Brussels sprouts are compact rounded leaves tightly bound into individual spherical-shaped heads ranging in diameter of one to two inches when mature. The flavor is bittersweet similar to cabbage. The younger the Brussels sprouts carry a sweeter, more palatable taste.
Brussels sprouts' traditional cooking methods include roasting, braising, or pan-frying them in butter with savory accouterments such as garlic, shallots, thyme, rosemary, and sage. Slow roasting the sprouts in oil or butter is a great way to remove the sprout's natural bitterness. The smaller the sprout, the sweeter and the less bitter tendencies it will have.
Store Brussels sprouts in a plastic bag in your refrigerator's crisper, where they'll keep for at least one week, if not a little longer.
Sauted Brussels Sprouts
1 pound Brussels sprouts trimmed and halved
2 tablespoons extra virgin olive oil
1/2 teaspoon kosher salt
1/4 teaspoon black pepper
1 tablespoon balsamic vinegar or lemon juice
1 to 2 tablespoons raw pine nuts
Chopped fresh herbs like parsley
A handful of Parmesan
- Heat a large cast-iron over medium-high for 4 minutes. Add the oil. As soon as the oil is hot add the halved Brussels sprouts. Shake the skillet a little and prod them so that as many as possible are cut-side down. Let sit completely undisturbed for 5 to 8 minutes, until they develop a dark, tasty, caramelized sear.

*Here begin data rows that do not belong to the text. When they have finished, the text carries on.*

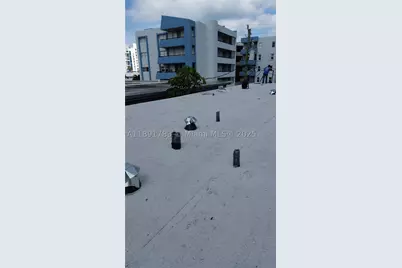 7435 Byron, Miami Beach, FL 33141 - Photo 12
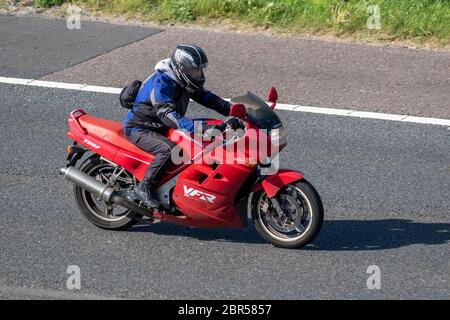 Red Honda VFR800 (Interceptor) ; motard ; transport à deux roues, motos, véhicule, routes, motos, motards motorisés sur l'autoroute M6 Chorley, Royaume-Uni Banque D'Images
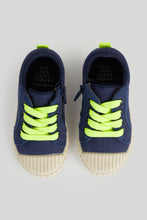 
                        
                          將圖片載入圖庫檢視器 Mothercare Navy Canvas Trainers
                        
                      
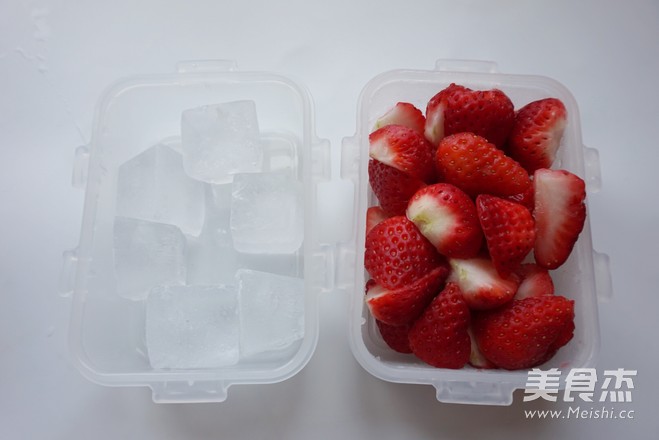 Strawberry Smoothie ~ Icy Summer recipe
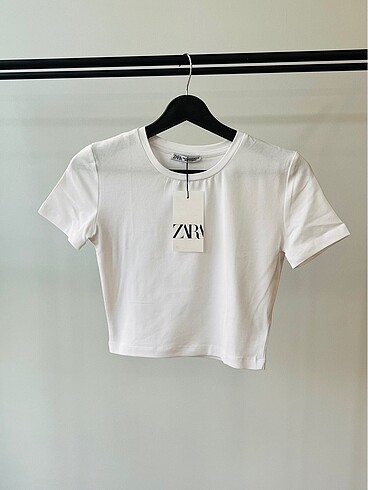 Zara Beyaz Crop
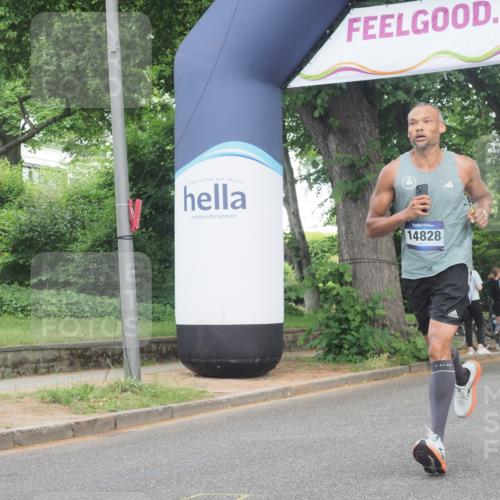 29.06.2025 - hella hamburg halbmarathon KatJ http://msf.ph/oto/8330877 29.06.2025 10:17:20 Zwischen KM18-KM19 2203 meine-sportfotos.de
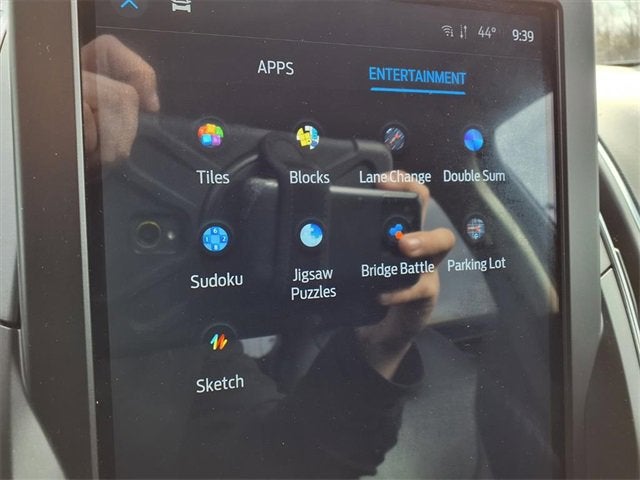 2024 Ford Edge Titanium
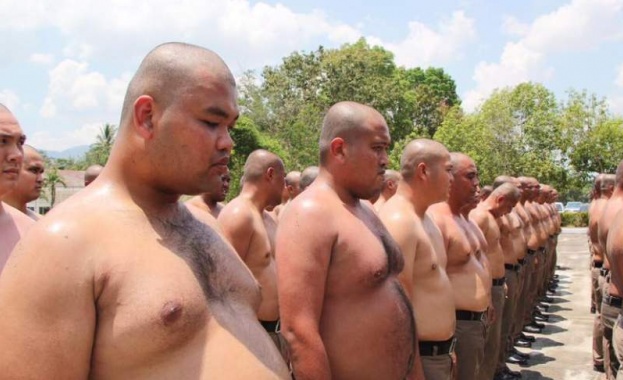 Тайланд изпраща всички дебели полицаи на лагер за отслабване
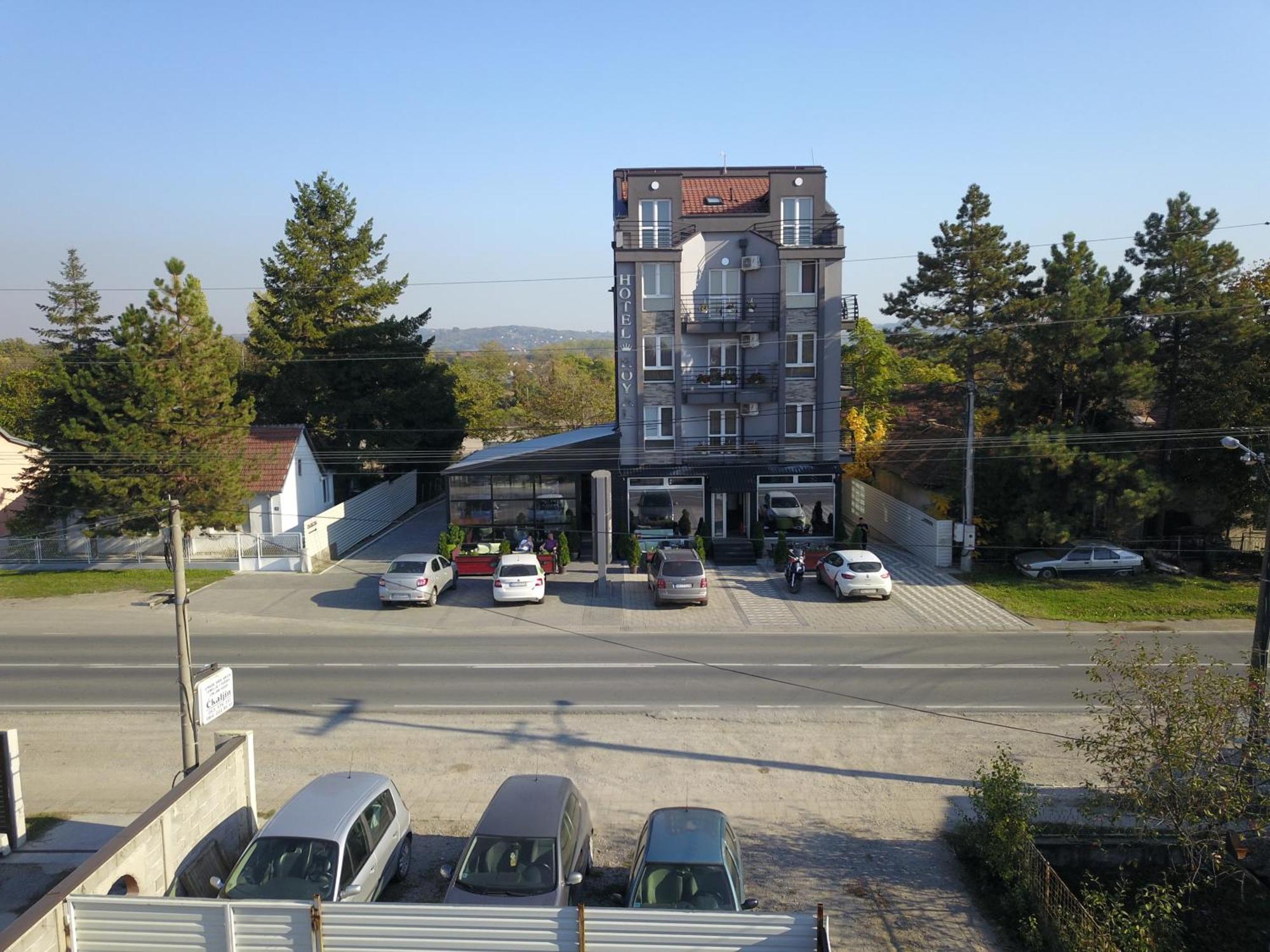 Hostel Royal Obrenovac  Buitenkant foto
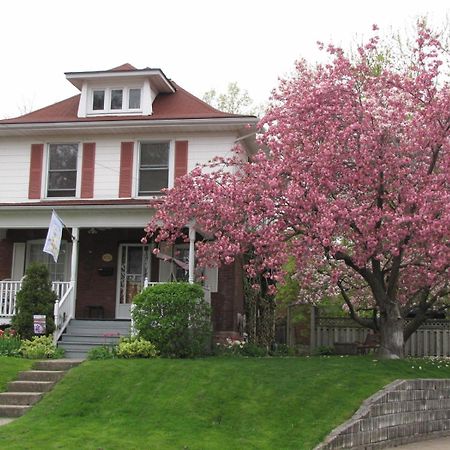 Strathaird Bed And Breakfast Niagara-Fälle Exterior foto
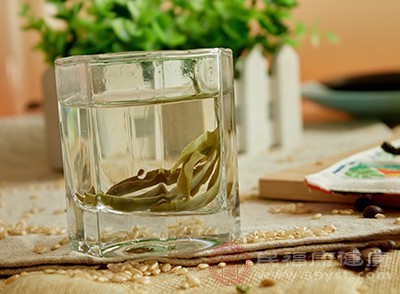 绿茶是一种清香型茶叶，适合在芒种节气里饮用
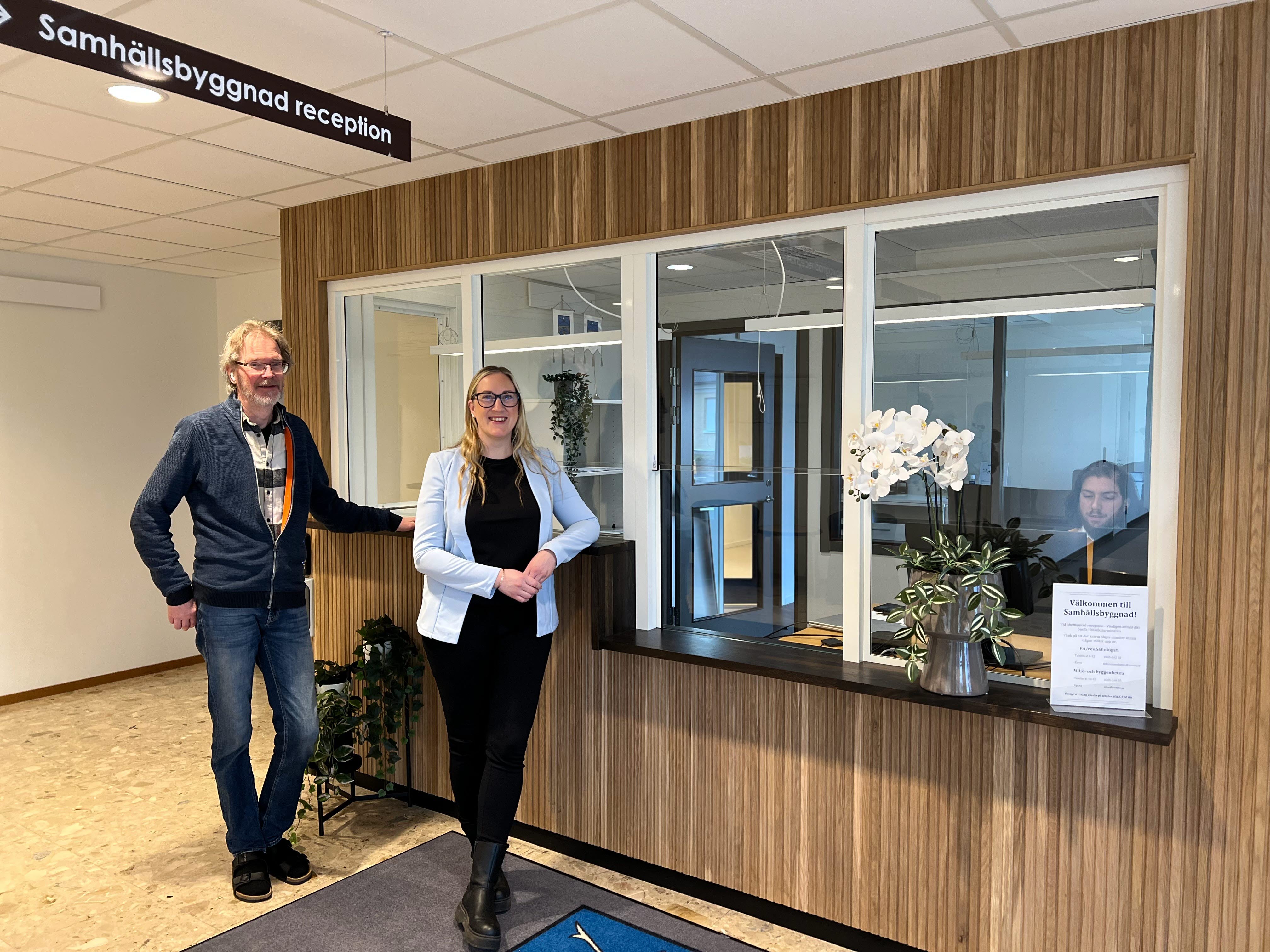 Samhällsbyggnads reception på Selmagården är bemannad vardagar kl 9-15 (lunchstängt kl 12-13).. Leif Jansson, enhetschef VA/renhållning och Helena Andersson, miljö- och byggchef med personal hälsar välkommen.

- Add the salt and pepper. With a wooden spoon, stir the Brussels sprouts. Continue cooking, stirring every few minutes, until the Brussels sprouts are browned all over and just turning tender on the inside, about 6 to 8 additional minutes.
- Remove the pan from the heat. Stir in the vinegar, then the pine nuts. Let the residual heat of the skillet toast the nuts, stirring them very often so that they toast evenly on all sides and do not burn. As soon as the nuts are toasted, transfer the sprouts to a serving plate and sprinkle them with fresh herbs. Enjoy hot.